Senza contare poi che il nostro occhio non ha uguale sensibilità con tutti i colori. A questo proposito è interessante sottolineare come l’occhio umano veda meglio nel giallo, proprio il colore della superficie del nostro Sole. E non si tratta solo di una fortunata coincidenza ...

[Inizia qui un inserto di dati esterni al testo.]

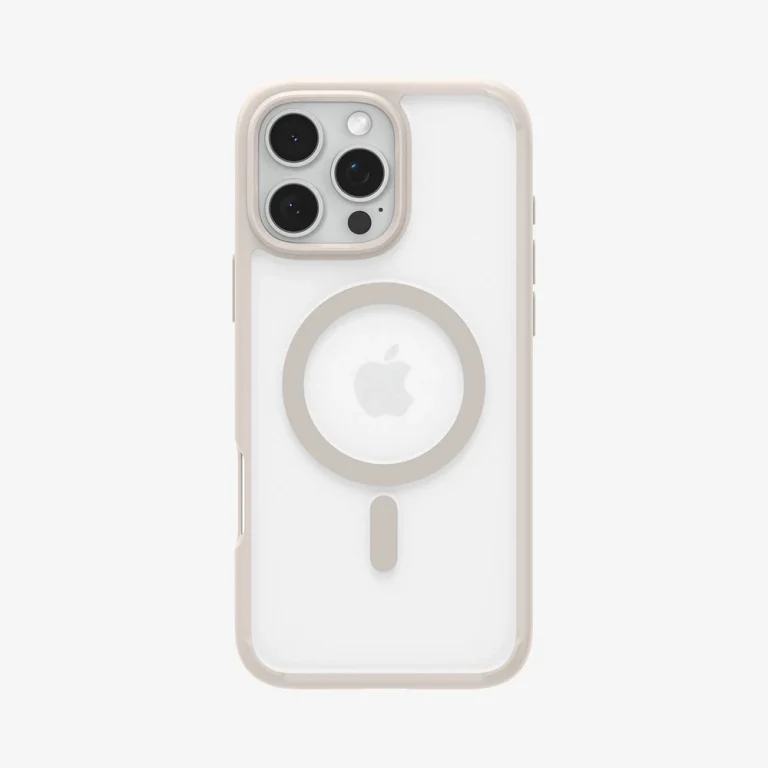 Spigen Ultra Hybrid (Mag Fit) Case for iPhone 16 Pro Max — Frost Natural Titanium — manufacturer product image, SKU ACS08382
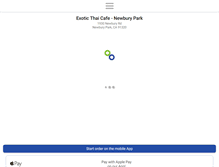 Tablet Screenshot of newburyparkexoticthaicafe.com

Guardando ancora la fig. 1, però, possiamo suggerire un’altra considerazione. Certamente non sfugge il fatto che l’area delimitata dalle curve corrispondenti alle diverse temperature aumenta man mano che la temperatura cresce. Poiché la potenza emessa dal corpo nero è proporzionale a quest’area, è evidente che i corpi più freddi irraggeranno molto meno di quelli a temperatura elevata. Come spiegare, dunque, l’enorme flusso luminoso che ci proviene da alcune stelle rosse? Il trucco è tutto racchiuso nelle loro enormi dimensioni. Queste stelle, dette giganti rosse, hanno una superficie radiante immensa e benché ogni metro quadrato della loro superficie irraggi molto meno di altre stelle, l’effetto finale che ne risulta è che la stella appaia migliaia di volte più luminosa. Ancora più estrema è la situazione delle supergiganti rosse, le stelle più grandi che si conoscano. Le loro dimensioni sono davvero mastodontiche: se il raggio di Betelgeuse (circa 7 Unità Astronomiche) ci sembra immenso, cosa dovremmo dire di μ Cephei, una palla infuocata di 11,8 Unità Astronomiche di raggio?